■ **RECORDS FOR THE TASK**
····················

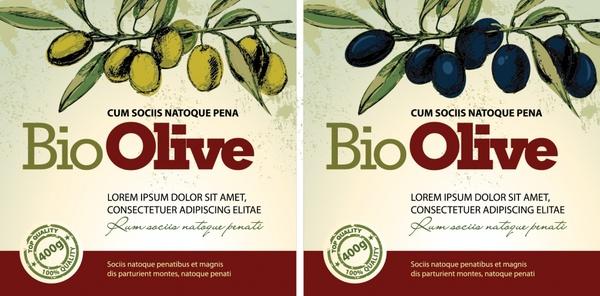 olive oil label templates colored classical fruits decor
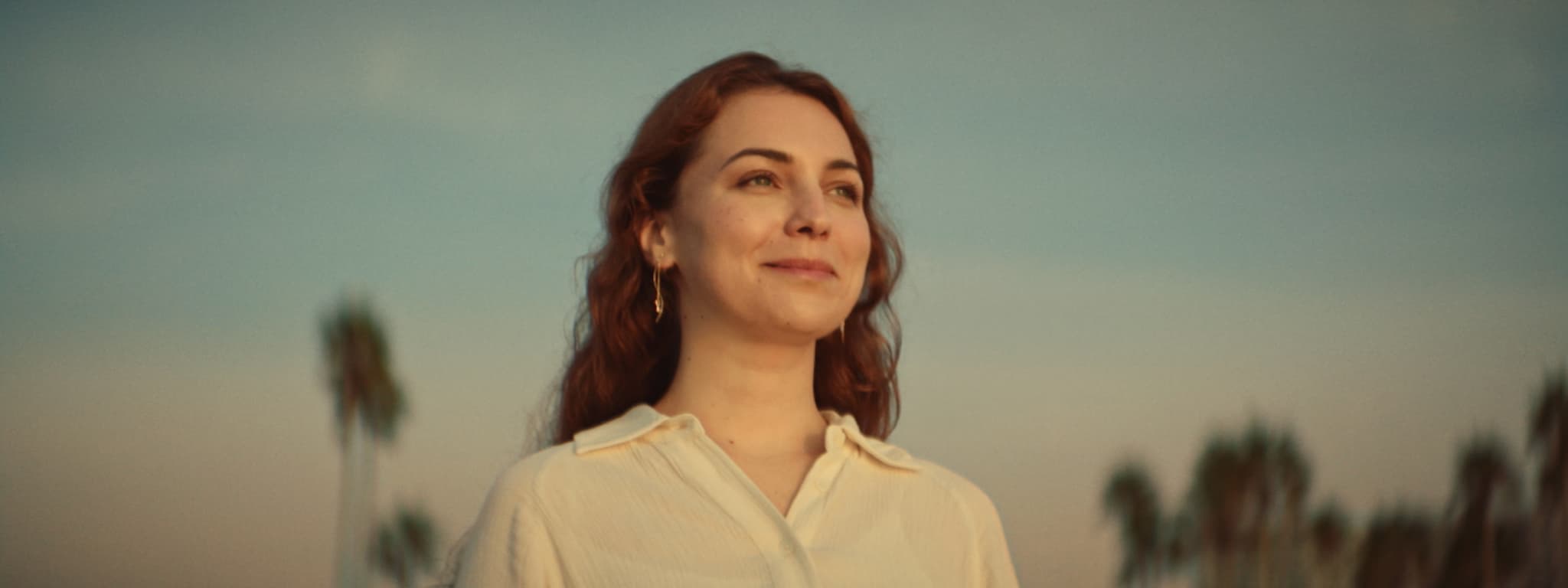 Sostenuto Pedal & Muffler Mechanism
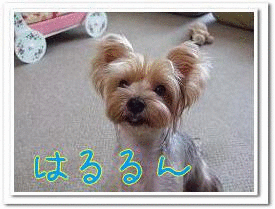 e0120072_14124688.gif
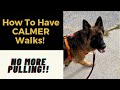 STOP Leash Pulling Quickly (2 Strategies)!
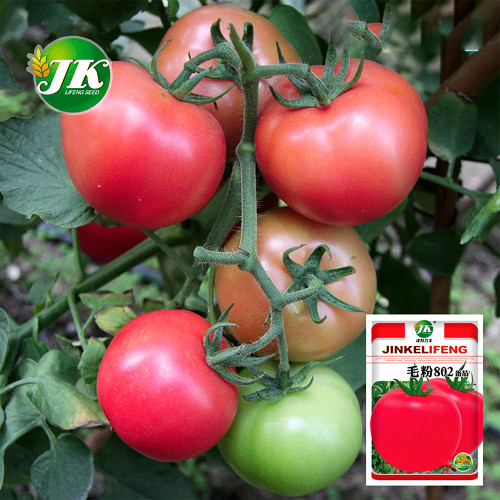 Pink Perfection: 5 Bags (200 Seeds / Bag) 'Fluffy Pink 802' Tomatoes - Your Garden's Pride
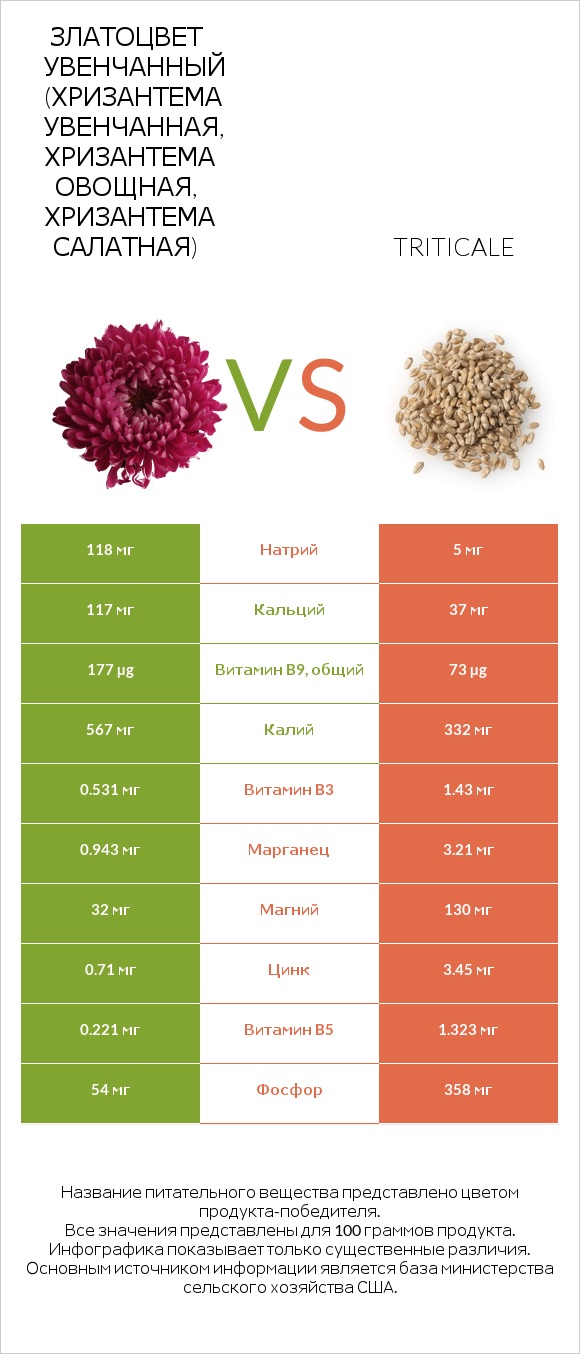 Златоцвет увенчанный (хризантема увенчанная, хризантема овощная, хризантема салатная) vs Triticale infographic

····················

■ **TASK INSTRUCTIONS**
Please print each entry exactly as it stands, without the pictures.

■ **EXERCISE ANSWER**
 olive oil label templates colored classical fruits decor
 Sostenuto Pedal & Muffler Mechanism
 e0120072_14124688.gif
 STOP Leash Pulling Quickly (2 Strategies)!
 Pink Perfection: 5 Bags (200 Seeds / Bag) 'Fluffy Pink 802' Tomatoes - Your Garden's Pride
 Златоцвет увенчанный (хризантема увенчанная, хризантема овощная, хризантема салатная) vs Triticale infographic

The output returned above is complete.